CBD e enxaquecas: compreender o seu mecanismo de ação

 


Em resumo:

  • O CBD atua na enxaqueca modulando vários alvos neurobiológicos, nomeadamente os recetores 5-HT1A, TRPV1 e FAAH.
  • Reduz a inflamação neurogénica e pode contribuir para diminuir a frequência das crises quando usado a longo prazo.

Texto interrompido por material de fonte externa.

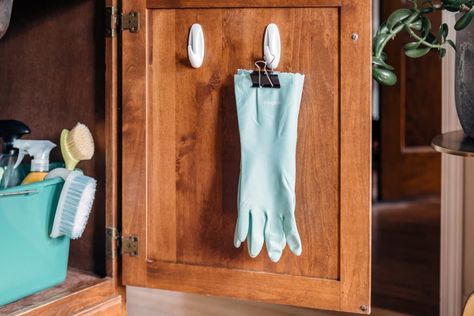 dishgloves hanging on a cabinet door on a command hook Glass Cleaning Solution, Dish Gloves, Washing Windows, Binder Clips, Sink Organizer, Kitchen Gloves, Sink Cabinet, Storage Hacks, Under Sink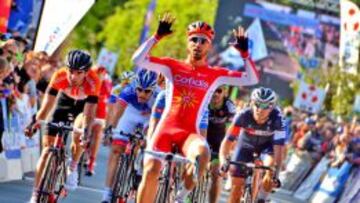 Nacer Bouhanni marca su décima victoria de la temporada.
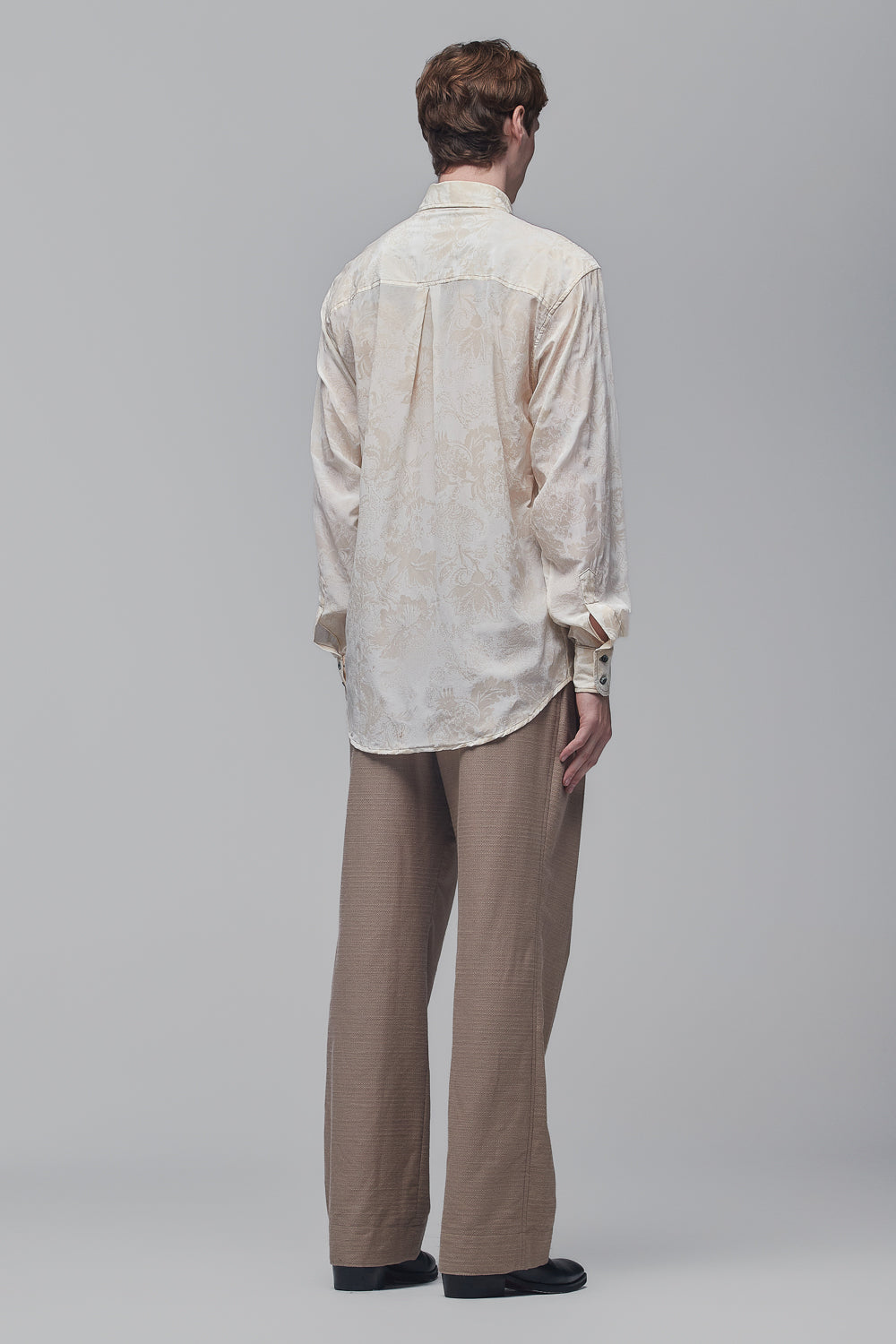 Camisa de Mangas Longas em Crepe de Seda Off-White com Estampa em Relevo de Flores Amarelo-Nápoles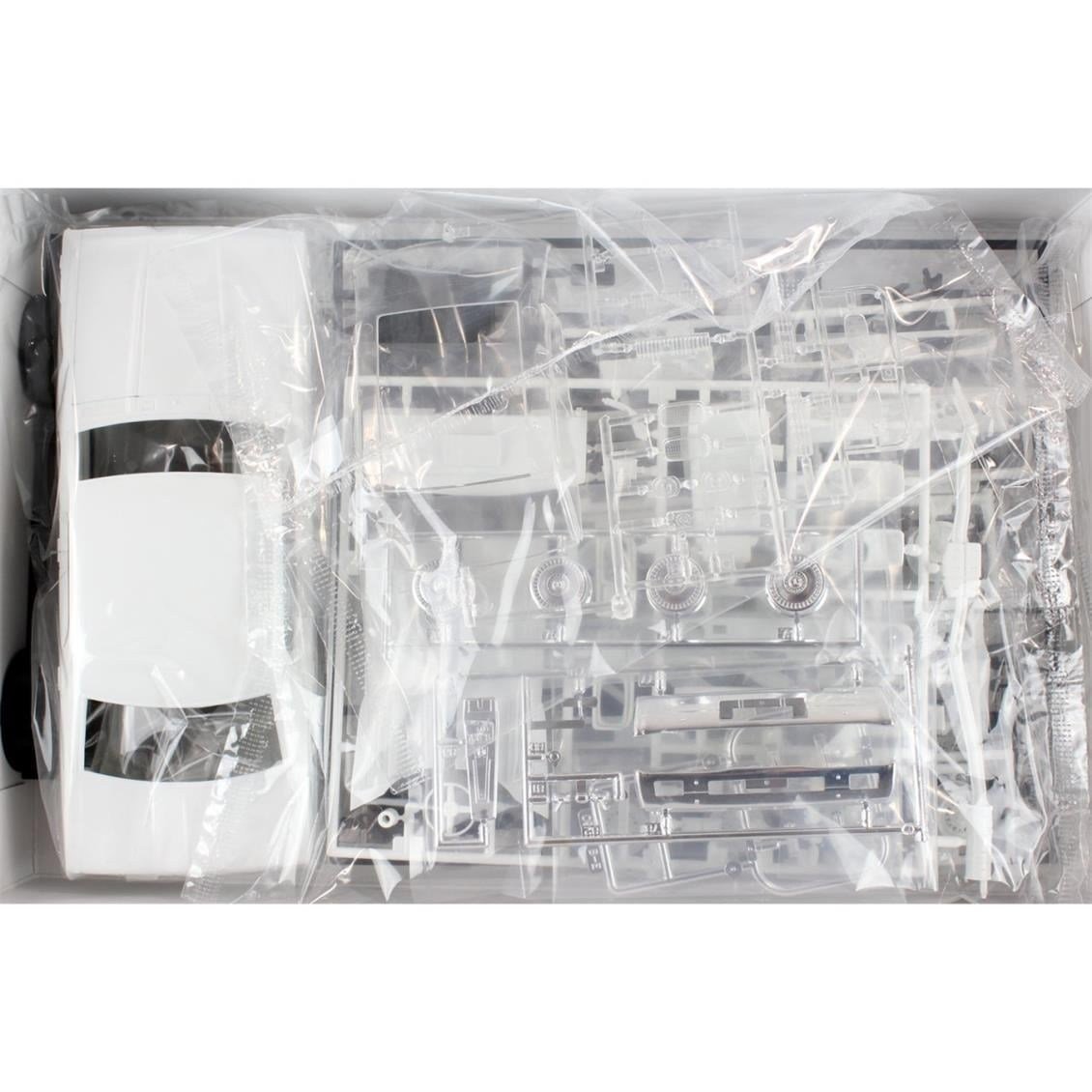 Aoshima 05353 1/24 Ölçek, Nissan P332 Cedric/Gloria 4Ht280E Broug, Plastik Model kiti
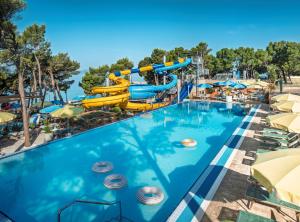 Bazén v ubytování Sunny Makarska by Valamar nebo v jeho okolí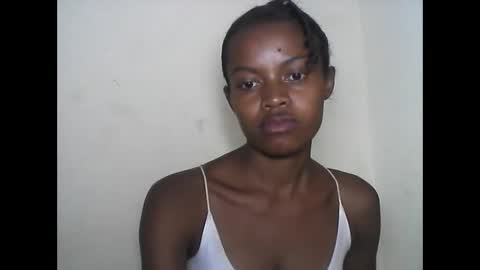 Snapshot of anicha_69 chatting on May 26, 10:55 am anicha_69 online show from May 26, 10:55 am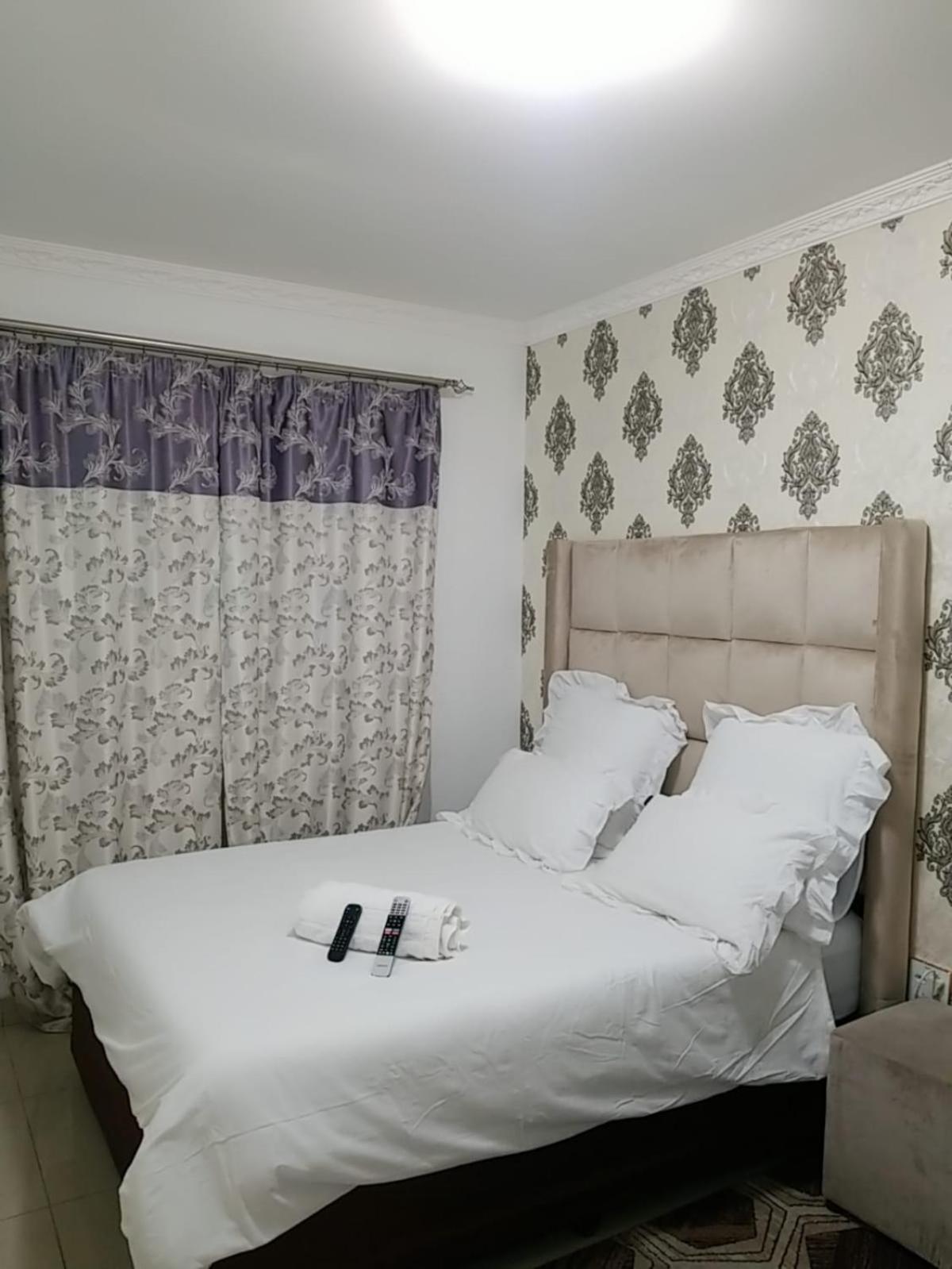 Pinto City Motel Kempton Park Bagian luar foto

O CBD atua na enxaqueca através de várias alvos neurobiológicos simultâneos, o que o distingue dos analgésicos clássicos. Concretamente, modula os recetores 5-HT1A para regular a serotonina, bloqueia os canais TRPV1 para reduzir a nociceção, inibe a enzima FAAH para aumentar a anandamida endógena e diminui a expressão de mediadores inflamatórios como o CGRP e a iNOS. Este perfil de ação multi-alvo explica o interesse da investigação, embora as evidências clínicas ainda estejam em fase de consolidação.

Os pontos essenciais a reter desde já:

  • Recetores 5-HT1A: o CBD estimula estes recetores serotoninérgicos, contribuindo para reduzir a frequência das crises
  • Canais TRPV1: ao bloqueá-los, o CBD diminui a libertação de CGRP e retarda a cascata inflamatória trigeminal
  • Enzima FAAH: a sua inibição pelo CBD aumenta a anandamida, um endocanabinoide naturalmente analgésico
  • CGRP e iNOS: dois mediadores-chave da inflamação da enxaqueca cuja expressão é reduzida pelo CBD
  • Efeito anti-inflamatório cerebral: o CBD atua no sistema trigeminovascular em vez de ser apenas um analgésico simples
  • Tolerância: os efeitos secundários são geralmente ligeiros, o que favorece uma utilização a longo prazo

O que é a enxaqueca? Origens e mecanismos biológicos

A enxaqueca não é uma simples cefaleia. É uma doença neurológica complexa, caracterizada por crises recorrentes de dor intensa, frequentemente unilateral e pulsátil, que podem durar de algumas horas a vários dias. Afeta uma proporção significativa da população mundial, com uma clara predominância feminina.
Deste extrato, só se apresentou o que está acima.